Opzettelijk aanwezig hebben verdovende middelen (feiten 2 en 4)
Na onderzoek door het NFI is gebleken dat er bij de doorzoeking van de woning van verdachte op 27 november 2023 84,74 gram cocaïne, 932 gram hennep en 163 gram hasj is aangetroffen. In het algemeen geldt als uitgangspunt dat een bewoner van een woning weet welke goederen er in zijn woning aanwezig zijn en dat hij daarover dan ook de beschikking heeft. Er zijn geen omstandigheden gebleken waaruit blijkt dat dit in dit geval anders zou zijn. De grote hoeveelheden verdovende middelen zijn aangetroffen op toegankelijke plekken in de woning, waaronder de slaapkamer van verdachte. Daarnaast kwam verdachte elke dag in de woning. Onder deze omstandigheden kan het niet anders dan dat verdachte wetenschap heeft gehad van de aanwezigheid van de verdovende middelen in de woning en hierover ook kon beschikken.

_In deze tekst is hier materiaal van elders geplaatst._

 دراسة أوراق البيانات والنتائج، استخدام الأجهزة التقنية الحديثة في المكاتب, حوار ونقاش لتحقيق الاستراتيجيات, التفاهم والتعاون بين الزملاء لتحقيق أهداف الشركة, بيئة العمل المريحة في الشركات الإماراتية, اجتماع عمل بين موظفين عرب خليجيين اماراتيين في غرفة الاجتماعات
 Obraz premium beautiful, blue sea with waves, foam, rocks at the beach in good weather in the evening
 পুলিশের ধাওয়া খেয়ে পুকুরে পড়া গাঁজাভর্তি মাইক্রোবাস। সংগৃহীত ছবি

De rechtbank acht de onder 2 en 4 ten laste gelegde feiten wettig en overtuigend bewezen, behoudens de onder feit 2 genoemde 444,8 gram cocaïne, aangezien de bovengenoemde redenering niet geldt ten aanzien van de cocaïne die is aangetroffen in de woning van de medeverdachte. Nu de rechtbank hiervoor heeft geoordeeld dat er geen sprake is van medeplegen en ook niet blijkt van wetenschap of beschikkingsmacht bij verdachte ten aanzien van deze in de woning van de medeverdachte aangetroffen cocaïne, wordt de verdachte hiervan vrijgesproken.

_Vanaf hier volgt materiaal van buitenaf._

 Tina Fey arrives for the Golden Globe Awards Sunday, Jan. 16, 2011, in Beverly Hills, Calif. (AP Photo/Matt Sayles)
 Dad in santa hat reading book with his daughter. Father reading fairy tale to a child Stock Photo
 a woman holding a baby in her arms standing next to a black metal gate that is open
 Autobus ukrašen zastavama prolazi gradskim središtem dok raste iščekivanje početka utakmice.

Handel in cocaïne en hennep (feiten 1 en 3)
Gelet op de hiervoor vastgestelde feiten is de rechtbank van oordeel dat bewezen kan worden verklaard dat verdachte tevens heeft gehandeld in cocaïne en hennep. Tijdens de observaties zijn door de verbalisanten dealeractiviteiten waargenomen. Gezien is dat verdachte in zijn auto rondrijdt, telkens kort op een plek stopt en vervolgens met iemand contact maakt dan wel dat iemand bij hem instapt. Dit contact duurt telkens kort, waarna verdachte weer verder rijdt. Ook is verdachte meerdere malen staande gehouden door de politie waarbij er hennep verpakt in meerdere ponypacks bij hem is aangetroffen. Ook heeft de politie op 10 november 2023 twee kopers staande gehouden en gehoord. Deze kopers hebben verklaard cocaïne respectievelijk hennep bij verdachte te hebben gekocht. Bovendien blijkt uit de berichten die zijn aangetroffen op de Nokia dat verdachte handelt in verdovende middelen. Anders dan de verdediging is de rechtbank van oordeel dat bewezen kan worden dat deze telefoon aan verdachte toebehoort. De telefoon is immers op het bureau in zijn slaapkamer aangetroffen. De verbalisanten hebben een foto gemaakt van de situatie toen zij het bureau aantroffen. Naar het oordeel van de rechtbank is gezien de hiervoor genoemde bewijsmiddelen sprake van handel in verdovende middelen.
De rechtbank acht ook de onder 1 en 3 ten laste gelegde feiten wettig en overtuigend bewezen.
02-186258-25
Handel in cocaïne
Op 9 januari 2025 zien de verbalisanten dat een personenauto BMW met kenteken [kenteken 2] kort contact maakt met een persoon op het [adres 4] in [plaats] . De bestuurder van de personenauto bleek later de verdachte te zijn. De persoon waarmee verdachte contact had is gehoord en heeft verklaard cocaïne te hebben gekocht van verdachte. Na onderzoek door het NFI bleek het ook daadwerkelijk cocaïne te zijn.
Gelet op de voornoemde bewijsmiddelen acht de rechtbank het feit wettig en overtuigend bewezen. De verdediging heeft hiertegen ook geen verweer gevoerd.